_Exercise inputs:_
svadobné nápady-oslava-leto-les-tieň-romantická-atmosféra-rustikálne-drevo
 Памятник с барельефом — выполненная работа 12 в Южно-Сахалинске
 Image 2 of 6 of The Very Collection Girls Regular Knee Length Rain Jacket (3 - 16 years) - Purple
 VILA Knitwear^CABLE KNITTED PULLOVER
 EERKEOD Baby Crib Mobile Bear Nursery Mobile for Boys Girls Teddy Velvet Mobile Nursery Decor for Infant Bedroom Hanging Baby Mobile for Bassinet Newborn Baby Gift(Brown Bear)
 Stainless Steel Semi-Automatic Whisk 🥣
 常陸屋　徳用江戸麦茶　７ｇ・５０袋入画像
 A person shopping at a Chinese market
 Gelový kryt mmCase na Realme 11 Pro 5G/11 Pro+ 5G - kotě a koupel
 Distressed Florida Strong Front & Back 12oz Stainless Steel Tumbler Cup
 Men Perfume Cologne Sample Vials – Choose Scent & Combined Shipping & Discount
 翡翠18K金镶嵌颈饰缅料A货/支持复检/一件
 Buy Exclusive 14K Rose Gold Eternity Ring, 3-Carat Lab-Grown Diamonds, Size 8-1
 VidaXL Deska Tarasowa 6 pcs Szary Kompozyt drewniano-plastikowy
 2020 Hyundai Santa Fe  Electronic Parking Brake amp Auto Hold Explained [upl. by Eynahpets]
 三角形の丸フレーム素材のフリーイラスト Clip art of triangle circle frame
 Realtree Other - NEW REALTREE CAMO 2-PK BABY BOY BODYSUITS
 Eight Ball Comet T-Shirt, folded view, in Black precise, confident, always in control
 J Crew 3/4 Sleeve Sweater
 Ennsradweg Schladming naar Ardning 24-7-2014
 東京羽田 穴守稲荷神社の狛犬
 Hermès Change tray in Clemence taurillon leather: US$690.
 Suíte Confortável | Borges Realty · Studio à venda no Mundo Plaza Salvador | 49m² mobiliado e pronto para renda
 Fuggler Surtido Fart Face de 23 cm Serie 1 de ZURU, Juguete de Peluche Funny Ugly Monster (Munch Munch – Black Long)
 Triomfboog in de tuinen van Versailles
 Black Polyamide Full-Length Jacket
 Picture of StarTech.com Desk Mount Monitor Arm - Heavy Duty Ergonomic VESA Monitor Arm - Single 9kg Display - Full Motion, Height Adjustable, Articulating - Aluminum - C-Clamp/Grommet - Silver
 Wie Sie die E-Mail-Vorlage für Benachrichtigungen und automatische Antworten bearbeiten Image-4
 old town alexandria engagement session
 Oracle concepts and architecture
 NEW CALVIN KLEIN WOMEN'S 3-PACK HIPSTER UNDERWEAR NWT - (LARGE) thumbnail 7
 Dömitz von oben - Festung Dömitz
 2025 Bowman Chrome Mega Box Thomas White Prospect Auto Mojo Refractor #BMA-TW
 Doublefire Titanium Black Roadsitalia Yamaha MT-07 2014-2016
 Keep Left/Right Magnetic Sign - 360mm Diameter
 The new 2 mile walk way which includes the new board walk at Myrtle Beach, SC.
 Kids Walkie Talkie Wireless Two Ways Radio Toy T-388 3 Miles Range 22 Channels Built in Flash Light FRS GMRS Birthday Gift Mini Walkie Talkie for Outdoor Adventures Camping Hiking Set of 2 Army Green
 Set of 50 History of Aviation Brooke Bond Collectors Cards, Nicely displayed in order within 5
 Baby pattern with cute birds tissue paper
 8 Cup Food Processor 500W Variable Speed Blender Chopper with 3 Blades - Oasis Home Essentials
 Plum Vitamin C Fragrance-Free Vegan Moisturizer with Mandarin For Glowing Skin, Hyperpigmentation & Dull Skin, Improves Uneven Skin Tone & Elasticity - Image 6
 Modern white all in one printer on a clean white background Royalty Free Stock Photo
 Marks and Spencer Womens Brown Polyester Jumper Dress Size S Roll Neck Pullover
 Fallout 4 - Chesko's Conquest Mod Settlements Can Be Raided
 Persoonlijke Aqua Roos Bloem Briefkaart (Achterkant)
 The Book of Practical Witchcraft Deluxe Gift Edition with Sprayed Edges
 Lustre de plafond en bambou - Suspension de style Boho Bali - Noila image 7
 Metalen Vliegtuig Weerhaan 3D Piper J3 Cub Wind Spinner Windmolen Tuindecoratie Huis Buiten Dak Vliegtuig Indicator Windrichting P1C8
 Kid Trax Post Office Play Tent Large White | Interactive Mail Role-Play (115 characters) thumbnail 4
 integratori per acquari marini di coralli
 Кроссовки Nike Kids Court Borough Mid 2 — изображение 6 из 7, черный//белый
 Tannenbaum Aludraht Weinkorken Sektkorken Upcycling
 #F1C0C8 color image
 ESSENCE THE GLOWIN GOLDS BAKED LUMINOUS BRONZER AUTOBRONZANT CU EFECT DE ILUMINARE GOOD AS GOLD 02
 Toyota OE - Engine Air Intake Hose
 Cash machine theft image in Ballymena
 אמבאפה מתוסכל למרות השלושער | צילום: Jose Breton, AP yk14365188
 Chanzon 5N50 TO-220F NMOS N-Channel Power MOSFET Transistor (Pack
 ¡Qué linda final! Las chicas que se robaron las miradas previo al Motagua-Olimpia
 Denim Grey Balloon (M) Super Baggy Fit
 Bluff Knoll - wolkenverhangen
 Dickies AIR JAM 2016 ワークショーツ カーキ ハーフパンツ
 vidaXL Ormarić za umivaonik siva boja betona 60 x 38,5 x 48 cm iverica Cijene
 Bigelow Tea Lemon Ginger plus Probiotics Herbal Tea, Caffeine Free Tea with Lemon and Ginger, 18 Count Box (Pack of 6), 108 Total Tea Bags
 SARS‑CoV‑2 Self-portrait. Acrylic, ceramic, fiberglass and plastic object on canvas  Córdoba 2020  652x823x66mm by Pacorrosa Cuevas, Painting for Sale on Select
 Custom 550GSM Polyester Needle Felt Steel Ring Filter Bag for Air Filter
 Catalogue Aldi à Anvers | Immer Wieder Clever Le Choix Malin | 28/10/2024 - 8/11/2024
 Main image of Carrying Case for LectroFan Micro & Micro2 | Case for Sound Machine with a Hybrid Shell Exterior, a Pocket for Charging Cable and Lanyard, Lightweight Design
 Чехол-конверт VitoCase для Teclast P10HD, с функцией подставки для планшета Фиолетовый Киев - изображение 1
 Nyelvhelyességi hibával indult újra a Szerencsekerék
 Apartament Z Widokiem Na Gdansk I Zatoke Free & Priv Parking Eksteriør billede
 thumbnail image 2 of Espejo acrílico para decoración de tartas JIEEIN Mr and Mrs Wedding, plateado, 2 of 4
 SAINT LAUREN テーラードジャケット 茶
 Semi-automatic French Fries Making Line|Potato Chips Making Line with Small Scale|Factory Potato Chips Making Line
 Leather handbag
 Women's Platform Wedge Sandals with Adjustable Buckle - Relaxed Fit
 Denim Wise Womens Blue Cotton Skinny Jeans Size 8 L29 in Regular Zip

_Aim of the task:_ Could you reproduce, exactly, every line above from the line with "Men Perfume Cologne" to the line with "2020 Hyundai Santa", and no other line? Both ends count.

_Completed task:_
 Men Perfume Cologne Sample Vials – Choose Scent & Combined Shipping & Discount
 翡翠18K金镶嵌颈饰缅料A货/支持复检/一件
 Buy Exclusive 14K Rose Gold Eternity Ring, 3-Carat Lab-Grown Diamonds, Size 8-1
 VidaXL Deska Tarasowa 6 pcs Szary Kompozyt drewniano-plastikowy
 2020 Hyundai Santa Fe  Electronic Parking Brake amp Auto Hold Explained [upl. by Eynahpets]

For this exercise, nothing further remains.